Shuttle Down
- Author: G. Harry Stine
- Language: English
- Genre: Science Fiction, Thriller
- Publisher: Ballantine/Del Rey
- Publication date: 1981
- Publication place: United States
- Media type: Novel
- Pages: 216
- ISBN: 978-0-345-29262-9

= Shuttle Down =

1981 techno-thriller novel by G. Harry Stine

Shuttle Down is a novel by American author G. Harry Stine, written under the pen name Lee Correy. First appearing as a four-part serial in Analog magazine between December 1980 and March 1981, the novel was later published by Ballantine/Del Rey in 1981, with a second edition following in 1985.

The book can best be described as an early form of the techno-thriller genre, later popularized by authors such as Tom Clancy.

==Plot summary==
In the book, the Space Shuttle Atlantis launches on a polar orbit flight from Vandenberg Air Force Base in Southern California. During the launch, the main engines cut off prematurely and the Shuttle is forced to make an emergency landing on Easter Island.

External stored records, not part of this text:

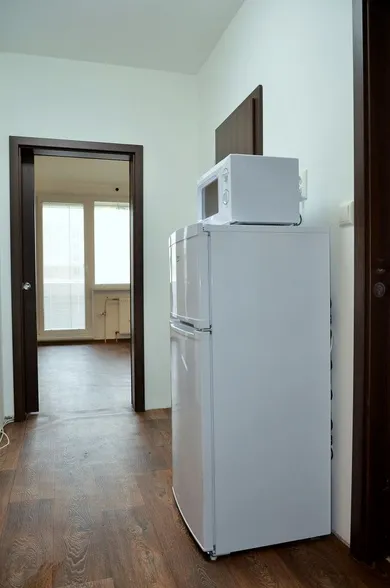 Na prenájom 1-izbový byt, 33 m², Bratislava-Petržalka, Lachova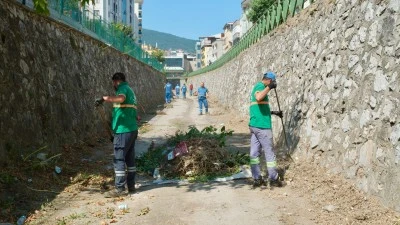Yıldırım Belediyesi Sel&ccedil;ukbey Kanalı'nda genel temizlik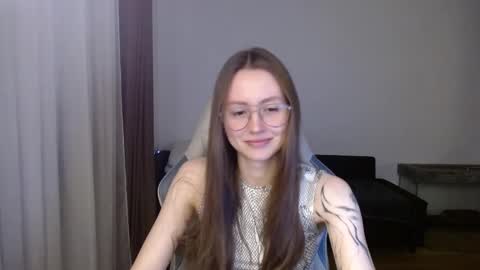Snapshot of valents_cherry chatting on 27, 2, 2025 Valentina online show from 27, 2, 2025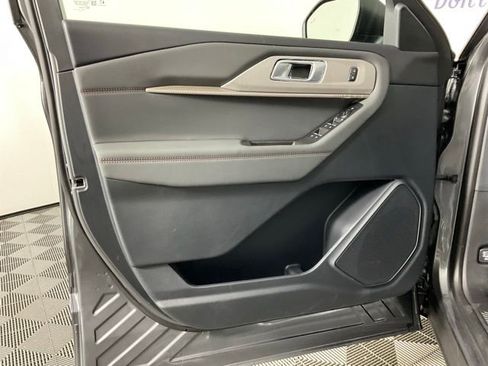 New 2025 Ford Explorer Active w/ Active Comfort Package image 12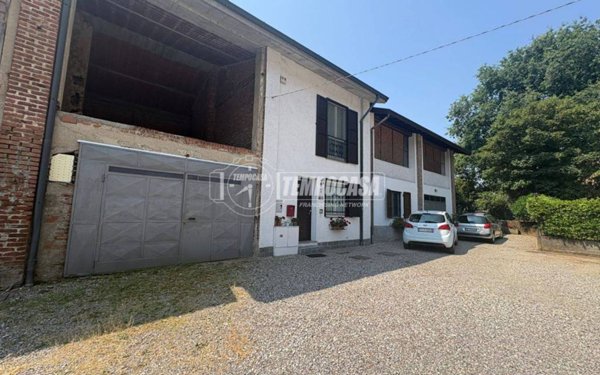 casa indipendente in vendita a Cogliate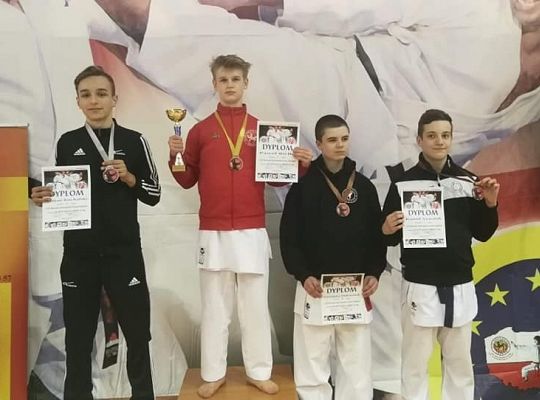 Shotokan Lębork z workiem medali w Legnicy 38576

Officials at NASA must manage the technological challenge of recovering the shuttle. Problems include a lack of documents for the astronauts and shuttle, bringing in the crane that is used to lift the Shuttle onto the specially-modified 747 that carries it, widening the runway to accommodate the 747, building turn-arounds on the runway, and bringing in fuel for the plane.

A subplot involves efforts by the Soviet Union to take the Shuttle for itself.